What you need to do: Nothing but the lines from the one with "Triathlon_Brin_Amour_2025/TBRUN_AMOUR2025_09875.JPG" through the end of the material should be retyped, word for word and without pictures.

Data shown:

+---+

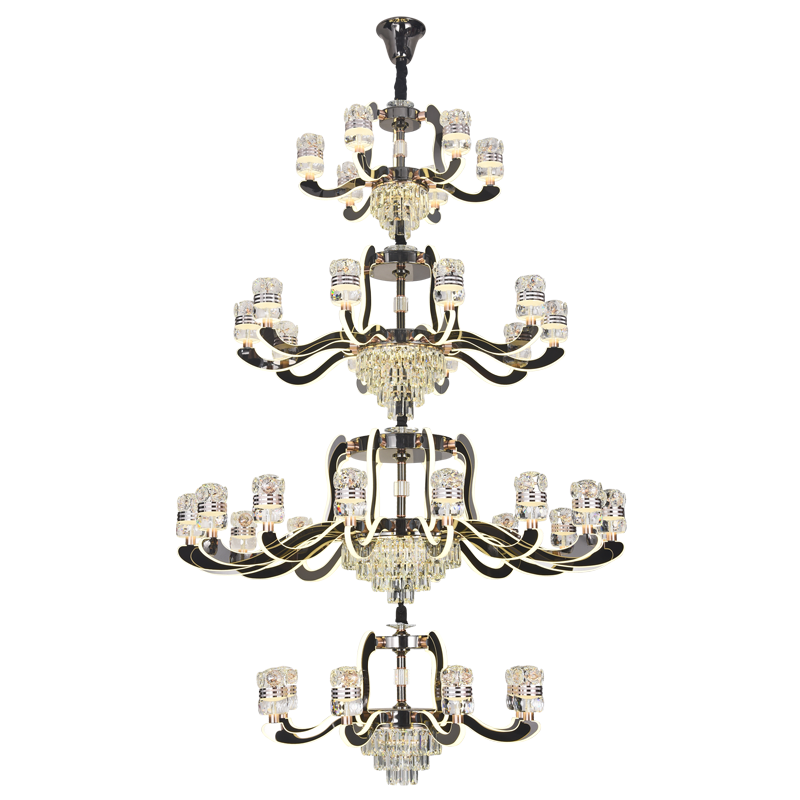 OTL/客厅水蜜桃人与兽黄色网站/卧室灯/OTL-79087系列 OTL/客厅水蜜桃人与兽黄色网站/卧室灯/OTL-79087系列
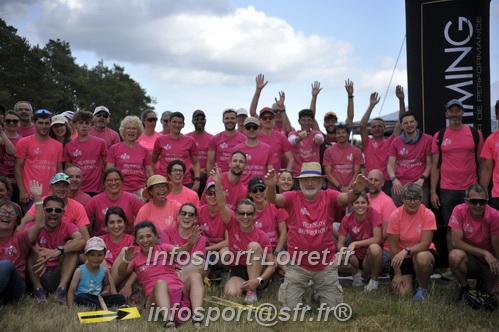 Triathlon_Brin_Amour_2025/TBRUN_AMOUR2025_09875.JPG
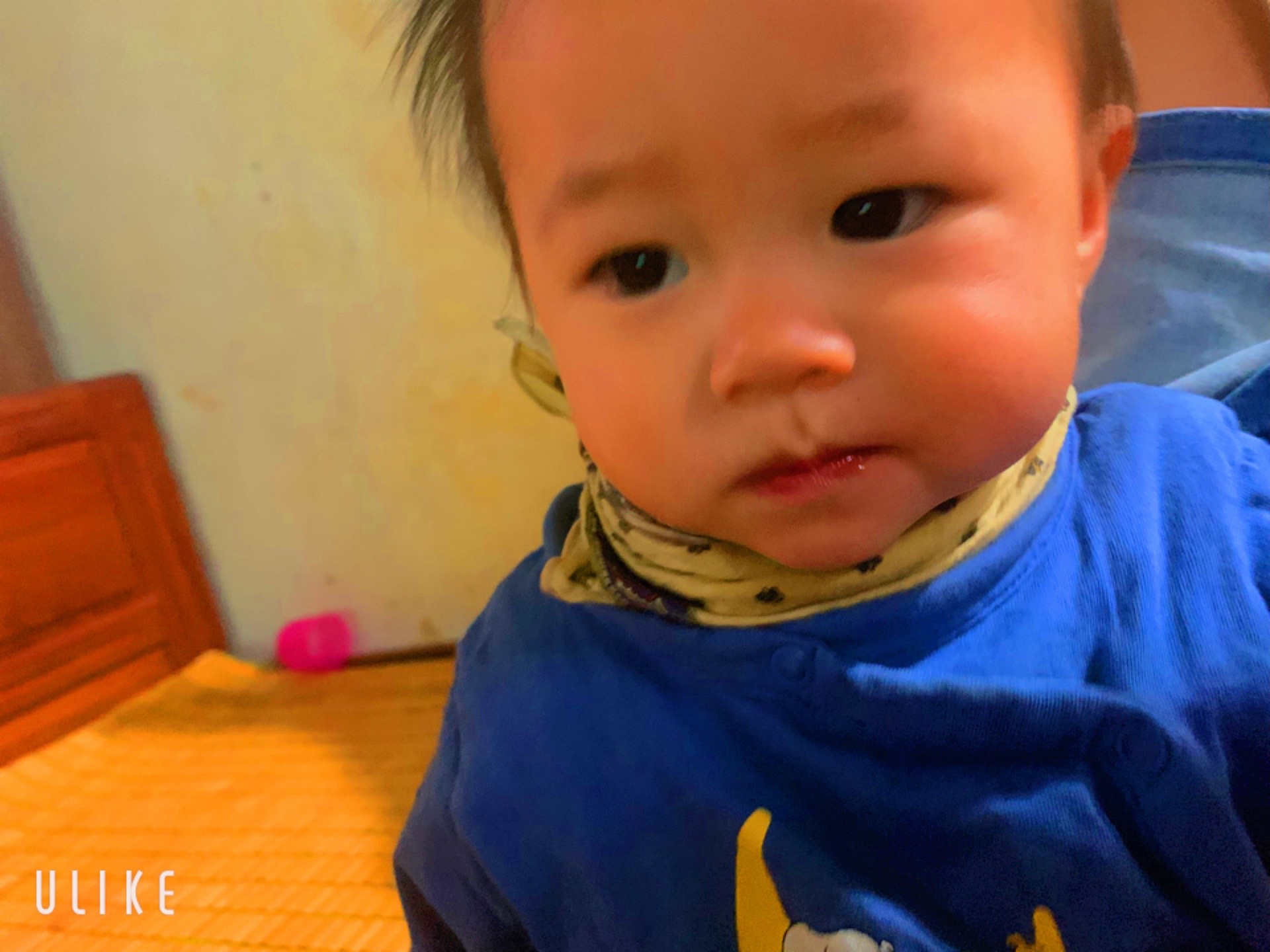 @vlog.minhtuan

+---+

Reply:
 Triathlon_Brin_Amour_2025/TBRUN_AMOUR2025_09875.JPG
 @vlog.minhtuan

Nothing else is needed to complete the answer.